PITTSBURGH (AP) _ The attorney for a man charged with raping a 13-year-old girl says his client’s Constitutional rights have been violated by a judge’s decision to reinstate the charge only days after having dismissed it.

Common Pleas Judge J. Quint Salmon dismissed the charge March 20 when the alleged victim was less than a half hour late for the trial. He changed his mind Monday and said he would change the dismissal to a mistrial, following criticism from the prosecutor’s office and demonstrations at his office and home.

Assistant Public Defender David Rothey said Tuesday that the trial of Geoffrey Adams, 27, of Pittsburgh had begun when Salmon granted Rothey’s motion to dismiss the charges, in essense ending the trial with no conviction.

Rothey said Adams will be placed in double jeopardy, a Constitutional violation, if Salmon’s reversal is allowed to stand.

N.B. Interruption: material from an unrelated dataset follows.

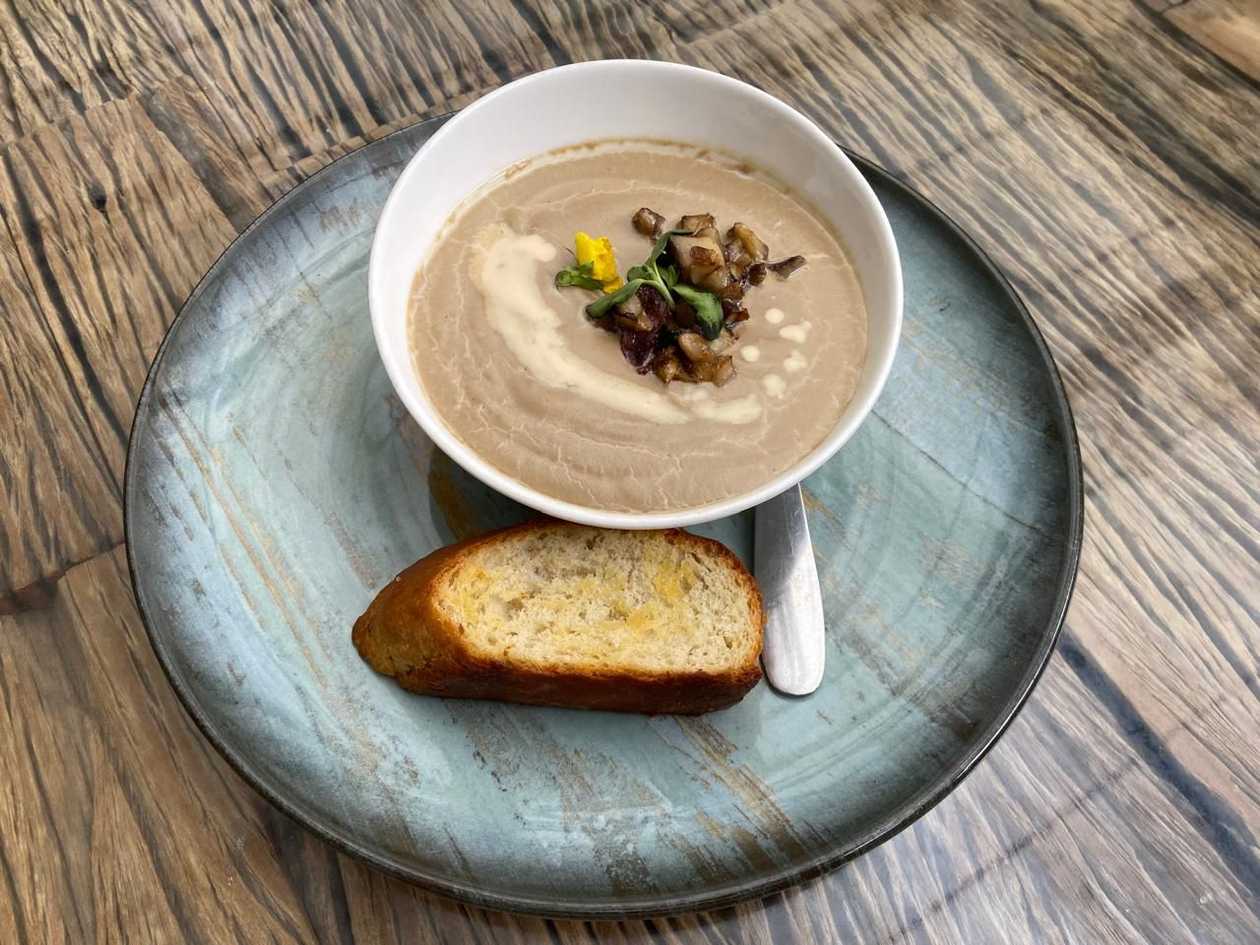Soho Mushroom Soup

The defense attorney said he moved for dismissal primarily because Assistant District Attorney Lisa Vincler failed to proceed with her case, not because the alleged victim, now 14, was late arriving. The girl and her mother were on a bus that was caught in traffic. They arrived between 9:15 a.m. and 9:30 a.m. Court was scheduled to begin at 9 a.m.

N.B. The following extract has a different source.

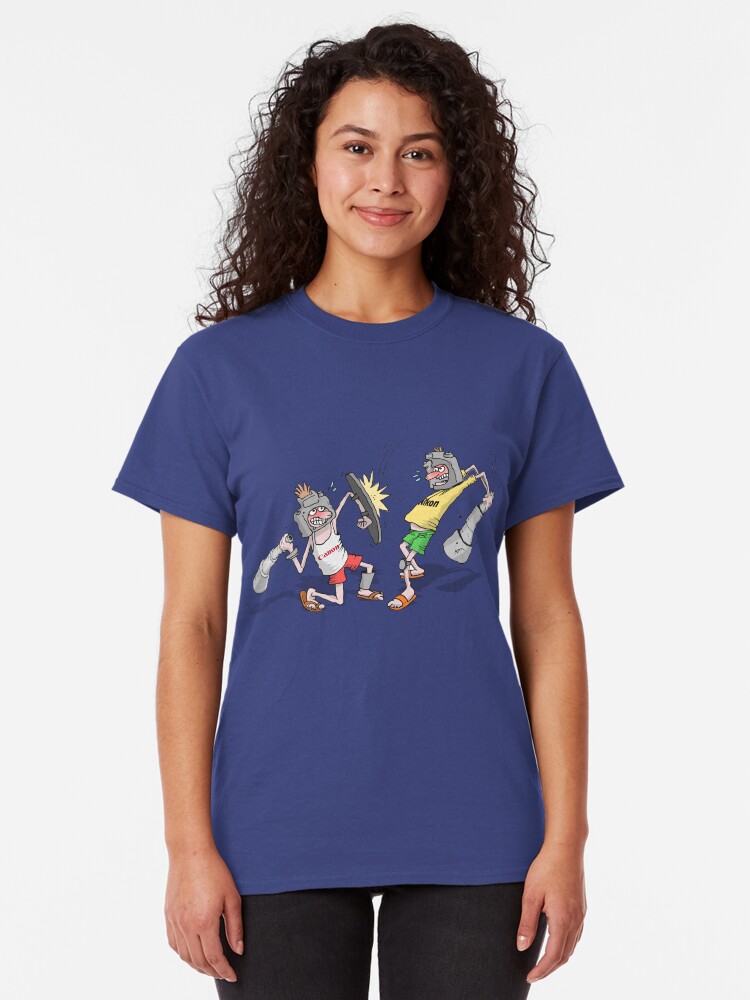 Alternate view of Canikon Wars Gladiators Classic T-Shirt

″The jury had been sworn and empaneled. They had come to jury box. They saw the woman’s failure to appear, and they saw the district attorney’s failure to proceed with the case,″ Rothey said.

Mrs. Vincler could have called other witnesses who were waiting in the courthouse to testify for the prosecution, he said.

Rothey filed a petition asking Salmon to schedule a hearing on his arguments. He also said he asked Salmon to disqualify himself and Mrs. Vincler from participating further in the case.